If Miva Corp keeps this up, it's going to grow harder to find stuff to rant
about. Shucks. Maybe I'll have to move to insulting their heritage, past loves,
and lack of any sense of humor.
August 23 '99 -- My first (and only, so far) reaction from a Miva
employee about this site. They say:
"Interesting site. Looks like you have been very busy."
Which is usually the most polite thing to say when you
come across one of those "worst of the month" sites. Or when you hit a
newbie's site filled with blinking text and flashing animation. Or you're
pro-choice and hit a pro-lifer's site (or visa versa). Or maybe what Bill
Clinton would say about Kenneth Star's site; minus the Monica.
August 21 '99 -- Now there's a new Miva
support policy. whoopee (fart). Now we'll have to listen to even more
complaints on the mailing lists from folks saying they are not properly supported -- even
though they never paid a goddamn dime to Miva Corp. in the first place. On
the upside, Miva seems to have suddenly realized that Miva Script developers
have some value in life. What a revelation! Methinks this is a precursor to
their dumping the really bad newbie requests to a select list of
Here's the new "pay-per-view" Miva Tech Support (MTS) workflow:
- AOL newbie calls Miva support to ask how to turn on their computer.
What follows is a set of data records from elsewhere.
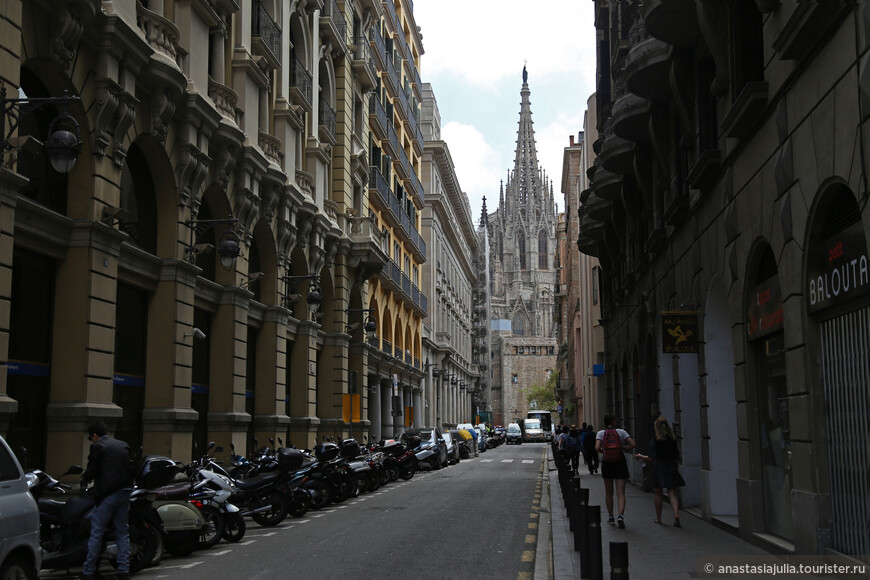Барселона. Один День в Городе Мечты
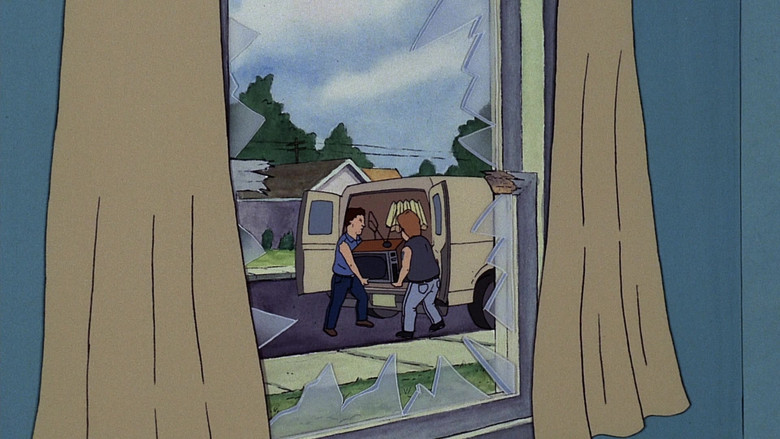 Beavis and Butt-Head Do America (1996)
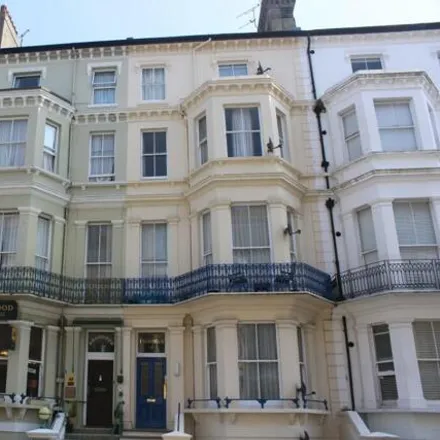 Rent this studio apartment on Devonshire Mansions in Lascelles Terrace, Eastbourne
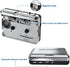 DigitNowCassette MP3 Cassette MP3 Cassette MP3 Tape To CD Converter Via USB,Portable USB Tape Player Capture Audio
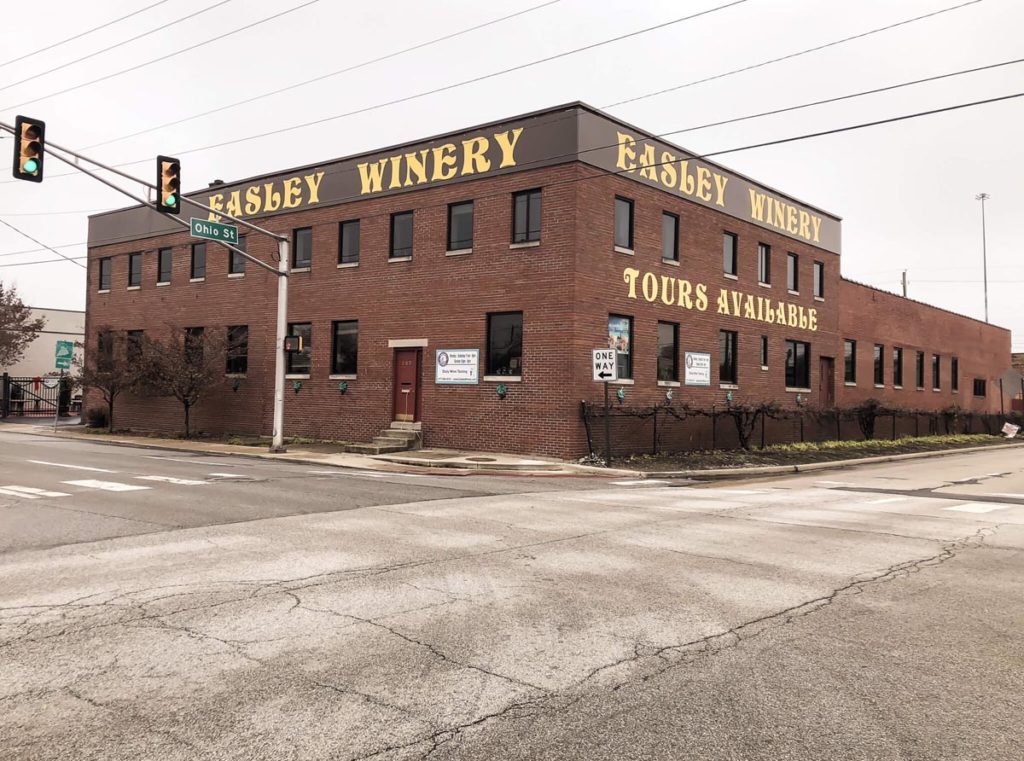 Easley Winery, photo credit Hayley DeHaan
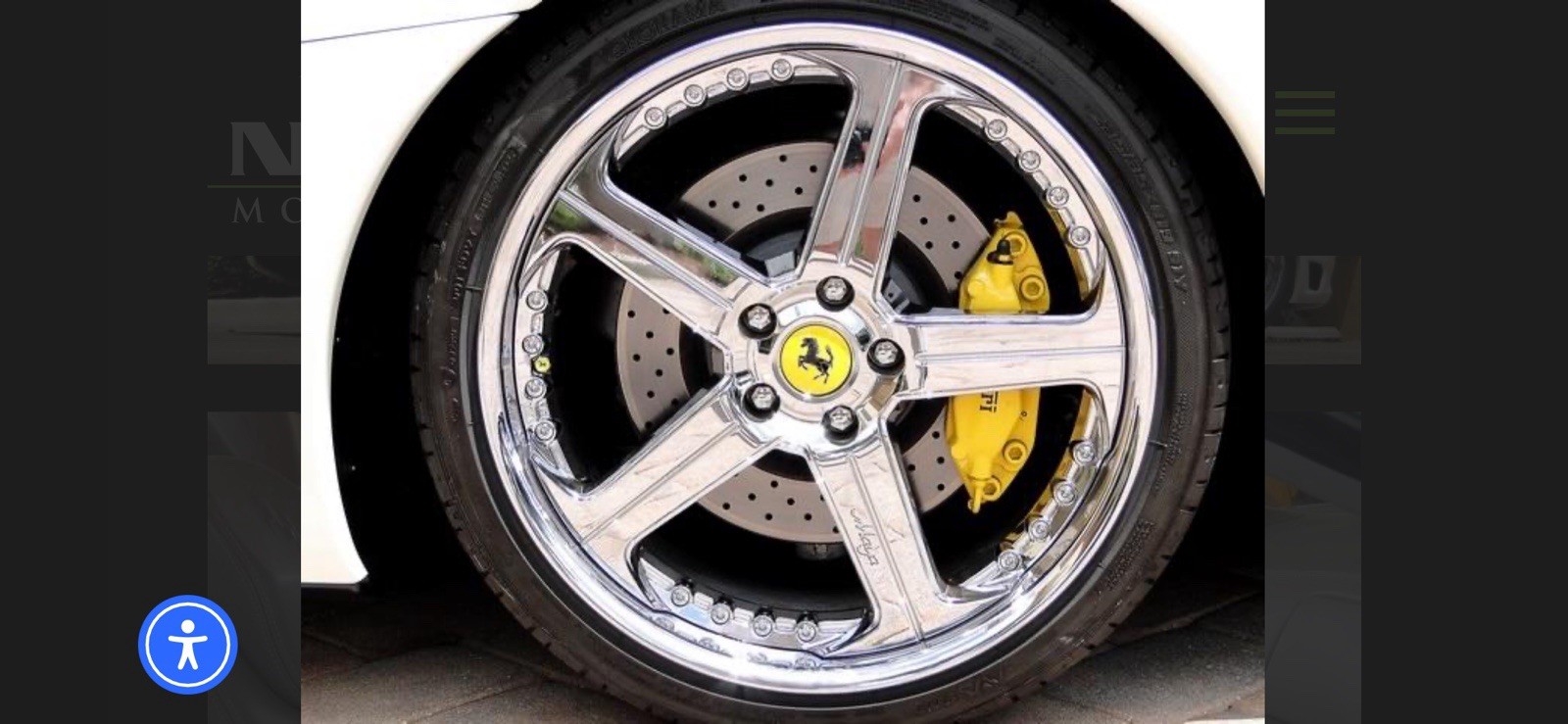 19/20 FERRARI 360 MODENA MAYA WHEELS TIRES TESTAROSSA F430 RIMS JAGUAR 5X108 JDM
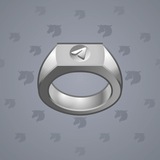 Signet Ring #4445 Signet Ring #4445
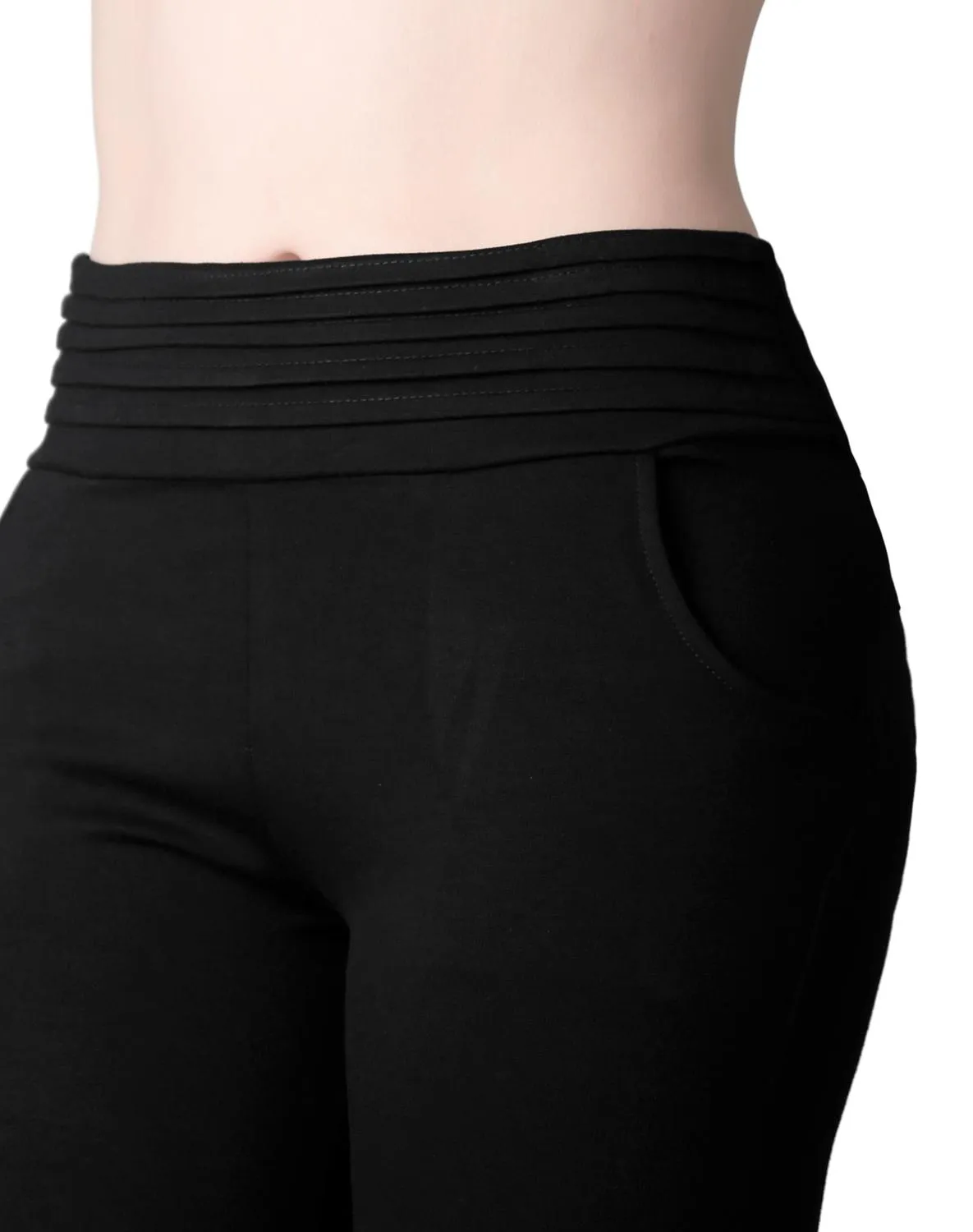 Leggins Mujer Casual Negro Stfashion 72600064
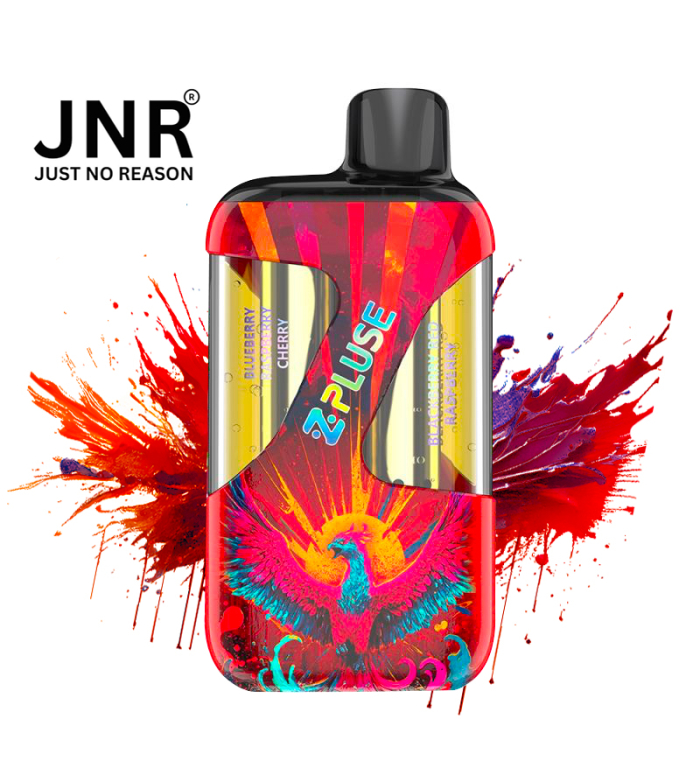 PUFF ZPLUSE 42K+ - BLUEBERRY RASPBERRY CHERRY + BLACKBERRY RED RASPBERRY - JNR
- MTS tells newbie that is will cost $25.00 to answer their question.
- Newbie gives them a CC number which is immediately charged (with online
approval, of course) for an MTS call.
- Once MTS has the $$ in hand, they explain to the newbie that Miva is very
simple to learn and that lots of support is available.
- Newbie asks again how to turn on their computer.
- MTS explains that this problem outside of their boundaries, but they have
a list of most excellent developers on the Miva web site (link unknown, of
course) who will be able to help.
- Newbie thinks they have crossed the Rubicon and says 'Gee thanks!' and
- About an hour later newbie realizes they can't get the developer's list
because their computer is still not turned on, so they MvGO to #1.
On top of this, we will probably have a new cadre of Official
Miva Develerpers (kinda like 'Venders') who will inundate the mailing
lists with repetitive "We offer a module that can do that" messages.
And to qualify for entry onto this prestigious developers' list you must first
know how to turn on your computer. Oh, you'll also probably have to know some
secret link on their web site (like Jeff's Merchant Support pages) which will
auto-reg you as a developer on the first page load. Oh yeah, the other qualifier
will be that you will have to pay them $125.00 annual dues; but you will get one
free 5-minute tech support call each year! Billed from time of connection,
average hold time only 6-hours for pre-paid accounts, and a mere 72-hours hold
time without pre-pay.
August '99 -- Once again the great MC 'disses me most dramatically
(public sniveling exhibit subject Re: [meu] File upload and global time out
on the mm-coders list). Well FYT.
To the tune of the chorus of "Sound of Music"
The hills are alive with the sound of Cold Fusion
With none of the pain from Miva Corp . . .
A lawsuit prohibits
inclusion of the actual text of the original parody. Apparently you are not
allowed to mention Cold Fusion without your site being served by a $52,295
Proliant SQL server running on a Tiger cluster behind a Checkpoint firewall,
hosted by AT&T's SpaceLab platform (which orbiting Uranus at the
August '99 -- Realized that even though these pages have
been complete for some time now, they had never been published. Wow. Maybe that
explains the low hit rate. But my Miva Counter script had said I've been getting
32,387,475,298.099930 hits a day for seven years now! Golly geez, there must be
something wrong with this internet thing, 'cause we all know that there are no
timing problems in the Empresa engine, right?